BMiller12 You are confused. Here is an example, say a series of 8 data points. -0.3002 -1.2777 0.2443 1.2765 1.1984 1.7331 -2.1836 You want to run an autocorrelation, and want to test AR(1), so you run this data pair series of 7 pairs Y X -0.3002 -1.2777 -1.2777 0.2443 0.2443 1.2765 1.2765 1.1984 1.1984 1.7331 1.7331 -2.1836 Just like you would with any X Y data series, e.g., this AR(1) has a correlation of -0.03. You seems to be confused over the term: AR(1) means the series compared to itself with ONE time lagged (here all of 7 data points compared to itself lagged one time period), NOT ONE data point with another datapoint (e.g., the last data point with the second to last), therefore it is NOT called AR(8) as you seem to be calling it. Just to make it clearer, AR(2) would be Y X -0.3002 0.2443 -1.2777 1.2765 0.2443 1.1984 1.2765 1.7331 1.1984 -2.1836

elcfa, that is awesome. Great examples! I really do appreciate it. I was having trouble understanding how the data formed pairs (x,y) and I was further treating each observation as an indep variable or lag, when its the lag (time) between the data points that each indep variable is based on (hence my confusion wanting to call a problem with 40 observations AR(40)). It seems so obvious and intuitive now, thanks again! I guess one quick last question: Does each additional lagged indep variable (increasing the order), impact the slope and intercept of the preceding order - like when you add additional indep variables to a multiple regression model, they have a net effect on the preceding indep variable’s measurement ?? Many thanks!

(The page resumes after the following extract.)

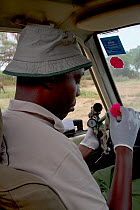 Dr. Rono Bernard getting ready to dart an elephant using M99 tranquilizer. Samburu National Reserve, Kenya. Model Released. Taken with cooperation of Kenya Wildlife Service and Save the Elephants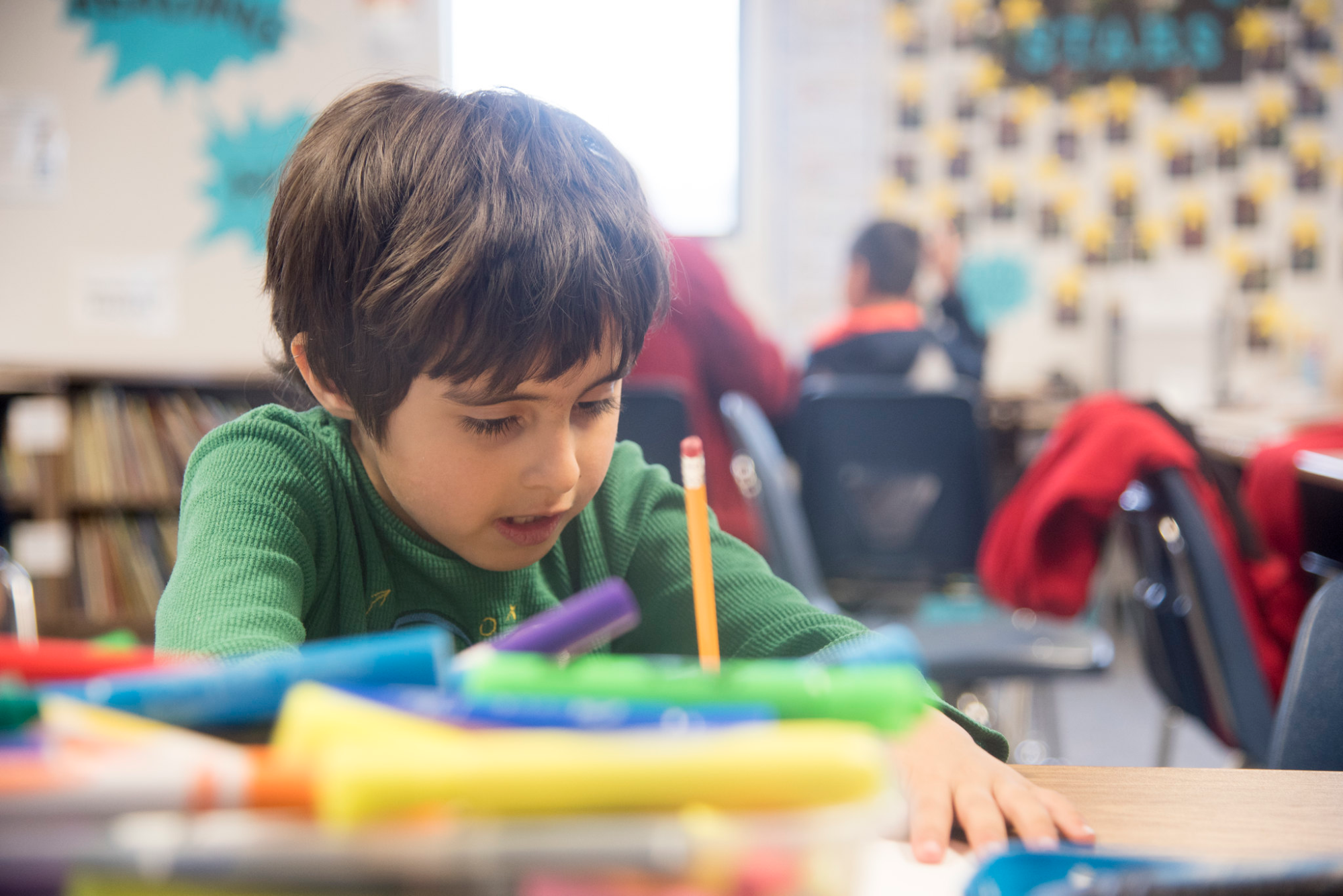 a young boy sitting at a desk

Adding more n normally does improve the accuracy, but not always. An example in case, for a perfect seasonal data series where you have repeated sales cycle (e.g, a sinus sales curve with sales (Jan this yr) =sales (Jan last yr), sales (Feb this yr) =sales (Feb last yr), the obvious perfect forecast would be AR(12), but if you start from AR(1) to AR(12), you’ll see the adjusted R2 vary significantly. In reality, you don’t add them indiscriminately. You would try first to see which coefficients are most significant, then try to see those coefficients make sense (based on the nature of the data), then try to run different combos and choose one model both make most sense and highest mathematical accuracy.